Brian Pressman
Brian Pressman

Reputation: 29

using a case when to identify if a timestamp = 'null'

I'm trying to construct a case when statement in BQ on a timestamp column called version_end_ts. Specifically I want my statement to read:

case when version_end_ts = 'null' then 'active' else 'past' end as status

Problem is BQ is is telling me that it "Could not cast literal "null" to type TIMESTAMP". Is there a way to return a positive flag in my case when if the timestamp is missing? I searched high and low and couldn't find an answer to this one.

Thank you in advance for your help.

Brian

version_end_ts

Upvotes: 0

Views: 5888

Answers (2)

Mikhail Berlyant
Mikhail Berlyant

Reputation: 173046

Below is yet another option (BigQuery Standard SQL)
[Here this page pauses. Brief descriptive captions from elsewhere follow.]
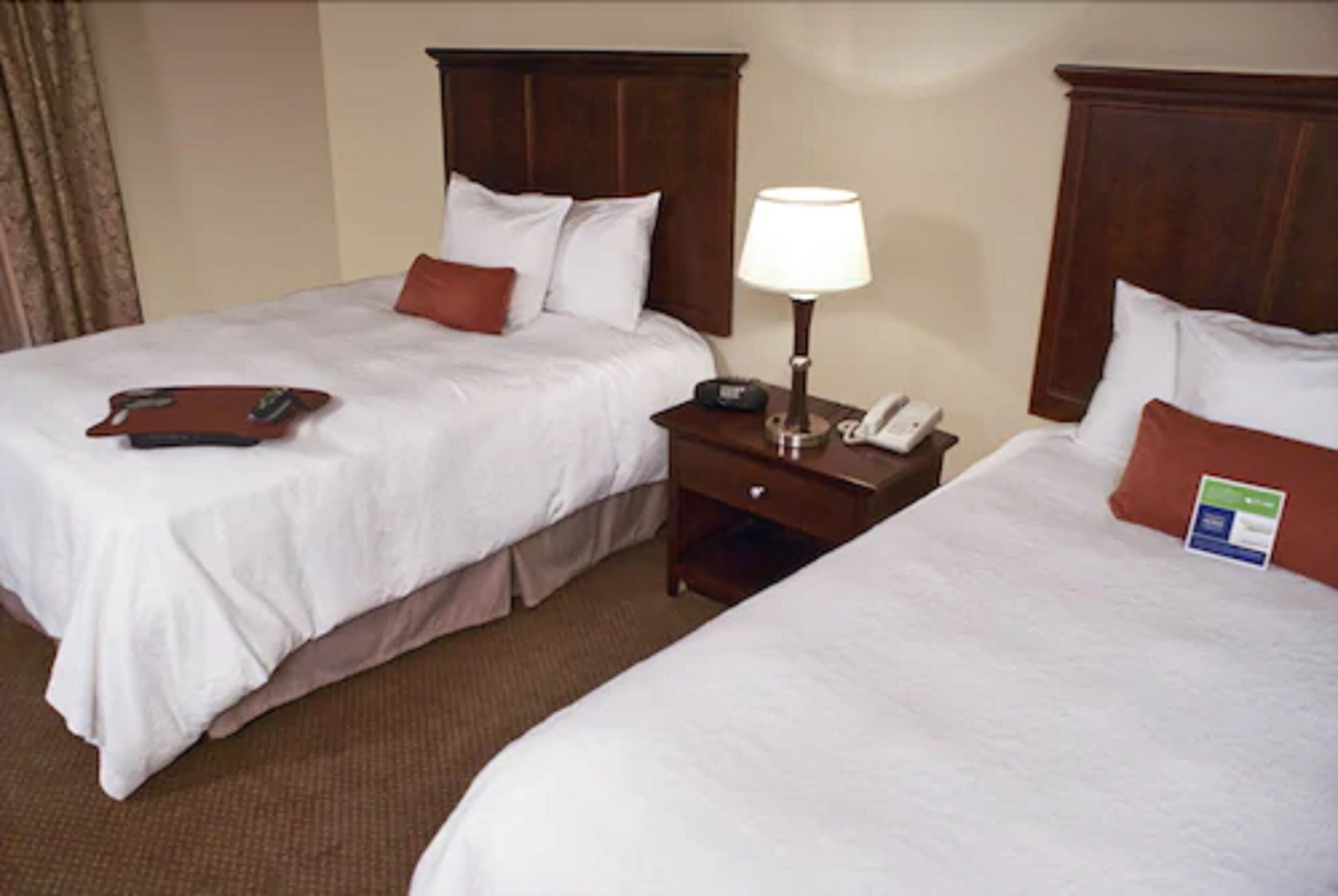 A hotel room with two single beds, each with a wooden headboard, white bedding, and a bedside table with a lamp and a phone.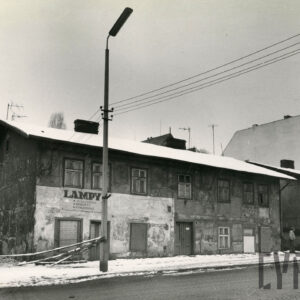 zaniedbane, dwukondygnacyjne proste budynki stojące przy brukowanej ulicy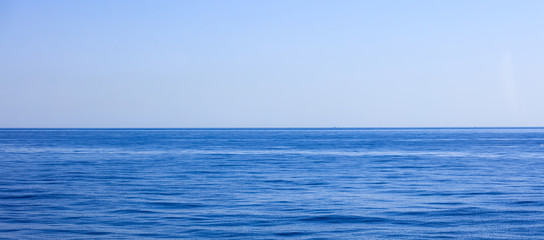 A view of calm sea and blue sky background,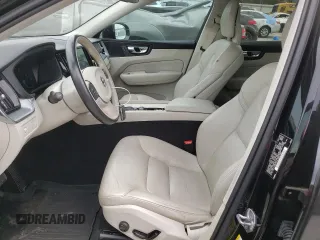 2018 Volvo XC60 Momentum with VIN LYV102RK1JB073418, listed as a Copart auction lot 73763614 with 64,692 mi miles and Salvage Title. Bid and sale history available at DreamBid. Image 7.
IF(version_end_ts IS NULL, 'active', 'past') AS status   

It is matter of preferences - i usually prefer less verbose options

You can check above with dummy data as below

#standardSQL
WITH `project.dataset.table` AS (
  SELECT NULL AS version_end_ts UNION ALL
  SELECT CURRENT_TIMESTAMP() 
)
SELECT 
  version_end_ts, 
  IF(version_end_ts IS NULL, 'active', 'past') AS status
FROM `project.dataset.table`  

with result as

Row version_end_ts                  status   
1   null                            active   
2   2018-08-16 05:24:53.221575 UTC  past     

Upvotes: 1

Tim Biegeleisen
Tim Biegeleisen

Reputation: 522074

I couldn't find an exact duplicate for your question, at least not for BigQuery. In BigQuery (and most flavors of SQL), NULL is a special value, and checking for the presence/absence of a NULL value uses the special operators IS NULL and IS NOT NULL. So your CASE expression should look something like this:

CASE WHEN version_end_ts IS NULL THEN 'active' ELSE 'past' END AS status

The reason for why we need to use IS NULL rather than = is that NULL, by definition, represents a value which is not known. So it doesn't make sense to compare something not known with the = operator, because it would never be true.